In a previous posting, we suggested that the new president could open up 180,000 jobs for U.S. resident by closing down the Optional Practical Training program, which gives recently graduated foreign students up to three years of legal working status after they finish their studies.
While most of the 180,000 jobs would be reasonably well paid, there are several thousand exceptions as the loosely-managed OPT program gave legal working status to many graduates of questionable institutions.
In the table below, we show some university-specific data on the award of the longest of the OPT working permits; they had 29-month durations at the time. These valuable permits went to alien alums with STEM degrees, i.e., in science, technology, engineering, and mathematics.
Universities | Number of OPT/STEM Extensions, 2009-2013 |
Ownership |
The Obscure Four | ||
Stratford University Falls Church, Va. |
1,697 | For-profit, ownership is masked |
Northwestern Polytechnic University Fremont, Calif. |
722 | Nominal "non-profit"with 73% profit rate in 2014; also a former employer of the jailed Jerry Wang (see below) |
Silicon Valley University San Jose, Calif. |
623 | Nominal "non-profit" |
Herguan University Sunnyvale, Calif. |
383 | Owned by family of jailed founder, Jerry Wang (since closed by DHS) |
Total for Obscure Four | 3,425 | |
The Ivy Three | ||
Harvard | 159 | Non-profit |
Princeton | 80 | Non-profit |
Yale | 67 | Non-profit |
Total for Ivy Three | 306 |
Source: DHS data secured by the Center for Immigration Studies through a FOIA request.
During the five fiscal years 2009 to 2013, more than 3,400 of these permits went to graduates (or maybe "graduates") of four obscure universities, all of whom had been accredited by the American Council of Independent Schools and Colleges (ACICS), while only 306 of these permits were awarded to graduates of Harvard, Yale, and Princeton.
ACICS has since been disowned by the U.S. Department of Education (for its loose standards) and three of the four obscure entities are now struggling to find other accreditation.
One of the Obscure Four, which alone had more OPT-STEM extension permits than the three listed Ivy schools put together, Herguan University, has since been put out of business by the Department of Homeland Security. It took DHS well over four years to terminate Herguan, despite the fact that it had been raided by DHS agents, and its founder, former owner, and former president, Jerry Wang, was sentenced to a year in the federal penitentiary for his Herguan-related immigration crimes. After Wang was indicted, but before he went to jail, he was hired by Northwestern Polytechnic University in what can only be called a remarkable academic decision.
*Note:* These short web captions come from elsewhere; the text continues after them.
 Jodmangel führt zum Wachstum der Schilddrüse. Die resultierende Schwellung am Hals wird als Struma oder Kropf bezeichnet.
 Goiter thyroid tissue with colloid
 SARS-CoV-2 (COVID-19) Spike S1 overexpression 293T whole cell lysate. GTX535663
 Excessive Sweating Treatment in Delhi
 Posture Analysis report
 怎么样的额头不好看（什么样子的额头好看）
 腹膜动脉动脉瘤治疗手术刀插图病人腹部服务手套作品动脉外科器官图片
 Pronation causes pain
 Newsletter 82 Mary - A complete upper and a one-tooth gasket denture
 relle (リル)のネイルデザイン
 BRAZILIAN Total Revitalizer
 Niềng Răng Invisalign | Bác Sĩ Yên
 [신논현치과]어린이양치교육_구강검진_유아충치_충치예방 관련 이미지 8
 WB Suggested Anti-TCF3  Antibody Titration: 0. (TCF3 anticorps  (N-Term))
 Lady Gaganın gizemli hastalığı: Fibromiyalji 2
Only a minority of the OPT certificates are issued by questionable institutions; the vast majority come from fully credentialed institutions. These jobs in virtually every case could have been filled by U.S. residents but were not, partially because Uncle Sam, as described in the earlier posting, excuses OPT employers from paying the normal payroll taxes, making the aliens an apparent bargain.